This is a qui tam action in which the United States of America declined to intervene. Relators allege that, from approximately early 2010 to mid-2014, LabCorp's in-office phlebotomists ("IOPs"), who are blood draw and processing technicians employed by LabCorp and stationed by LabCorp inside doctors' offices, drew blood from patients at the doctors' request and with knowledge that the doctors were receiving illegal kickbacks (referred to as processing and handling fees, or "P&H fees") from third-parties Health Diagnostic Laboratory and Singulex, Inc. (collectively, "HDL/S") in exchange for the doctors referring the blood that the IOP had drawn to be tested by HDL/S. Relators claim that LabCorp's was aware that the doctors were receiving kickbacks from HDL/S, as evidenced by, among other things, LabCorp' s 2013 and 2014 anonymous requests for Special Fraud Alerts from the Office of Inspector General ("OIG") on HDL's P&H payments. HDL/S billed the federal government for those lab tests under the patients' Medicare Part B coverage, which Relators allege were tainted by the kickback and therefore in violation of the Anti-Kickback Statute ("AKS"). Relators further allege that LabCorp drew blood to be tested by HDL/S if the doctors also referred blood to be tested by LabCorp. LabCorp then itself billed the federal government for that test, even though it had induced the referral and provided the blood test at no charge to the doctor. Although, in at least one region of LabCorp's business, LabCorp requested the doctors pay a $5 blood draw fee. A blood draw for testing at two labs was done via a single venipuncture to the patient, referred to by LabCorp as a "courtesy draw" because the patient was spared from two venipunctures for two tests. (Dkt. No. 50.)

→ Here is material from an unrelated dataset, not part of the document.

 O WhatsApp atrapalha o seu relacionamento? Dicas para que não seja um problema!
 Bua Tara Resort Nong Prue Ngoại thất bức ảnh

LabCorp previously moved to dismiss the portions of every claim predicated on allegedly medically unnecessary tests, as well as Count II for reverse false claims, Count III for violation of California law, and Count IV for violation of Illinois law. LabCorp did not move to dismiss the portions of claims predicated on violation of the AKS. The Court granted in part and denied in part LabCorp's motion, dismissing the portions of each claim predicated on medically unnecessary tests, as well as dismissing Count II, Count III and Count IV. (Dkt. No. 72.) The remaining claim is Count I, under which Relators allege that LabCorp violated the FCA in three ways: (1) knowingly causing HDL/S's false claims to be presented, § 3729(a)(1)(A); (2) knowingly presenting its own false claims, § 3729(a)(1)(A); and (3) conspiring with HDL/S to knowingly cause HDL/S to present false claims or to present its own false claims, § 3729(a)(1)(C). (Dkt. No. 50 ¶¶ 582-588.)1
Summary judgment is appropriate if a party "shows that there is no genuine dispute as to any material fact" and the movant is entitled to judgment as a matter of law. Fed. R. Civ. P. 56(a). A dispute is "genuine" if the evidence offered is such that a reasonable jury might return a verdict for the non-movant. See Anderson v. Liberty Lobby, Inc., 477 U.S. 242, 248 (1986). A fact is "material" if proof of its existence or non-existence would affect disposition of the case under applicable law. See id. Therefore, summary judgment should be granted "only when it is clear that there is no dispute concerning either the facts of the controversy or the inferences to be drawn from those facts." Pulliam Inv. Co. v. Cameo Props., 810 F.2d 1282, 1286 (4th Cir. 1987).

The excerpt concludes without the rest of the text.